SUPPLIED RECORDS
_ _ _ _
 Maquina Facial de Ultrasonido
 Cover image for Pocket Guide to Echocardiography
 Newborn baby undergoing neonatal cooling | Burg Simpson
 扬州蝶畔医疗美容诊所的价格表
_ _ _ _
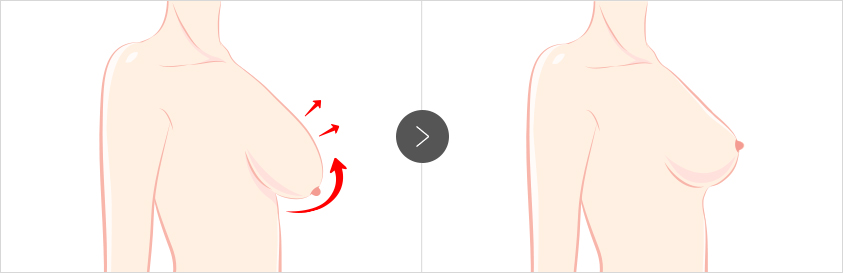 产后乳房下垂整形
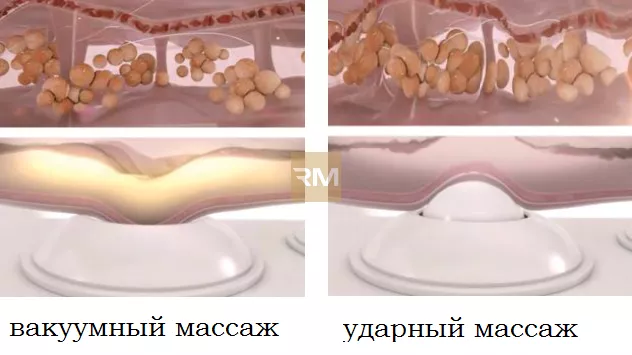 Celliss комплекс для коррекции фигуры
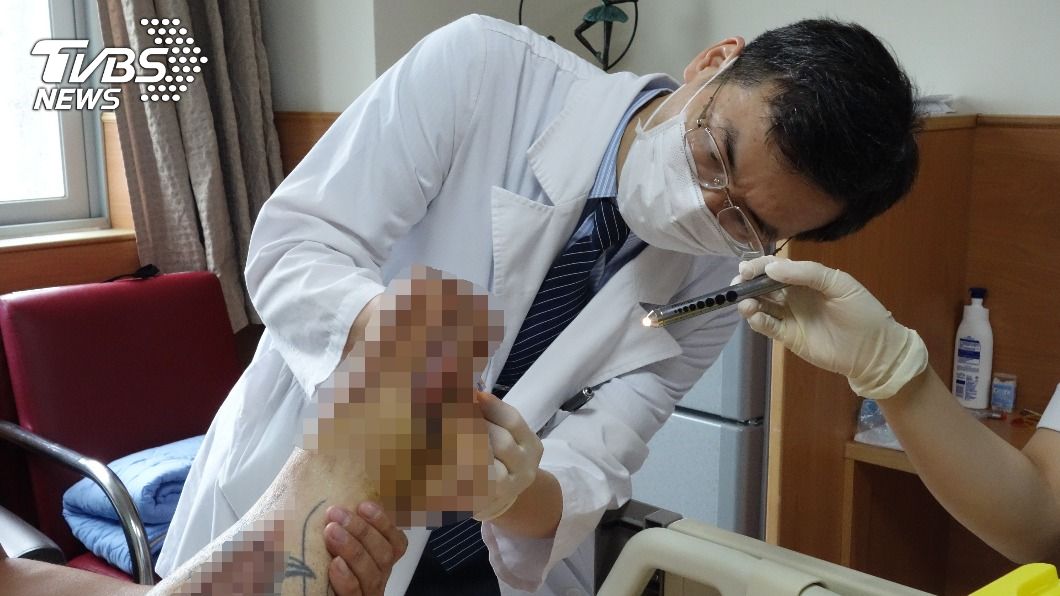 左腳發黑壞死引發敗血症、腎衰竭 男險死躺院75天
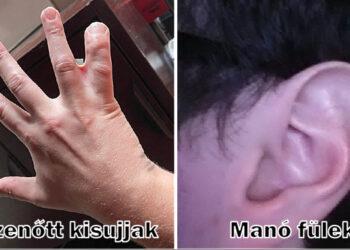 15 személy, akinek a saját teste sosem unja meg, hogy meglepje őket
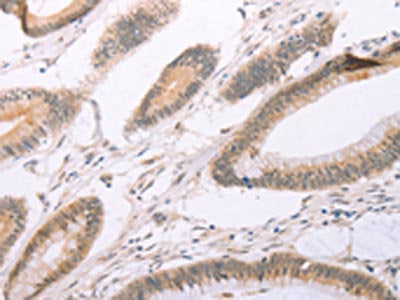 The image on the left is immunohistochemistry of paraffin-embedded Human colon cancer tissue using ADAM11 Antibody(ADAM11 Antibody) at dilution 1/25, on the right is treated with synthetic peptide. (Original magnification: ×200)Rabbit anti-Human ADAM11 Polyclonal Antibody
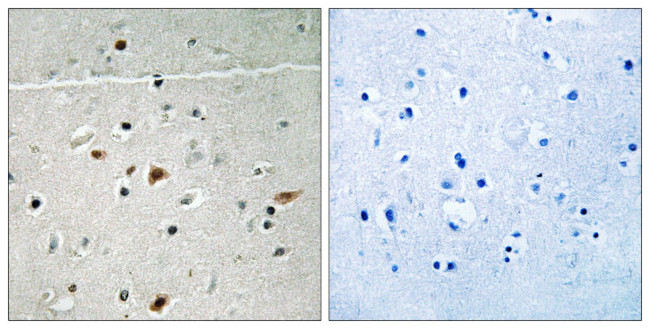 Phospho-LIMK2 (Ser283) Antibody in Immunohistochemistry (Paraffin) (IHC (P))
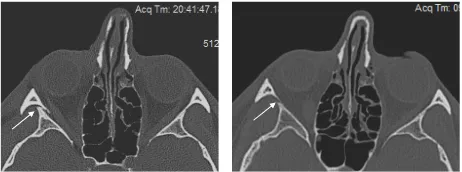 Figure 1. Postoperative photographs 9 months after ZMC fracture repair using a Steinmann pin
_ _ _ _
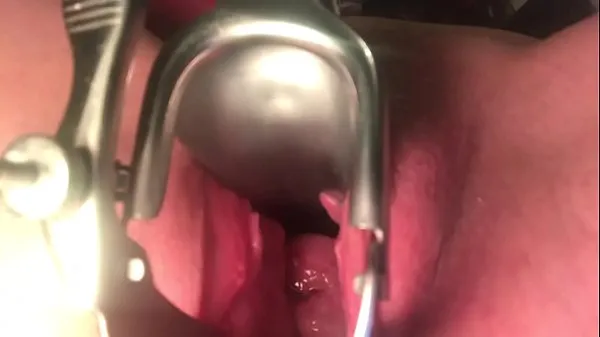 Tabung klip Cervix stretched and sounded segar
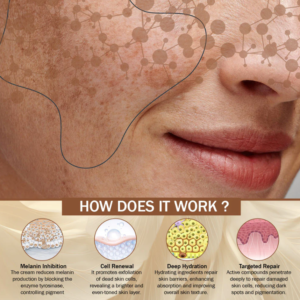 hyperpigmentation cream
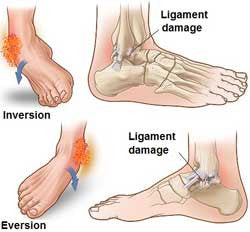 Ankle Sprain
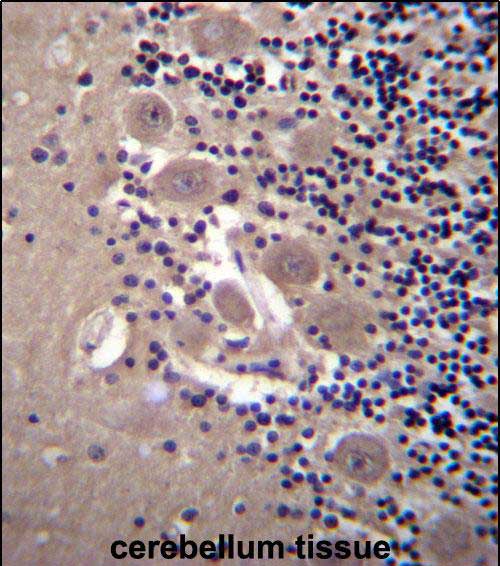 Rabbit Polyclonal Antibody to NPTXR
_ _ _ _
WHAT THE TASK REQUIRES
With the line that has "Maquina Facial de Ultrasonido" as the first and the line that has "扬州蝶畔医疗美容诊所的价格表" as the last, repeat exactly that run of lines above and no more.

COMPLETED TASK
 Maquina Facial de Ultrasonido
 Cover image for Pocket Guide to Echocardiography
 Newborn baby undergoing neonatal cooling | Burg Simpson
 扬州蝶畔医疗美容诊所的价格表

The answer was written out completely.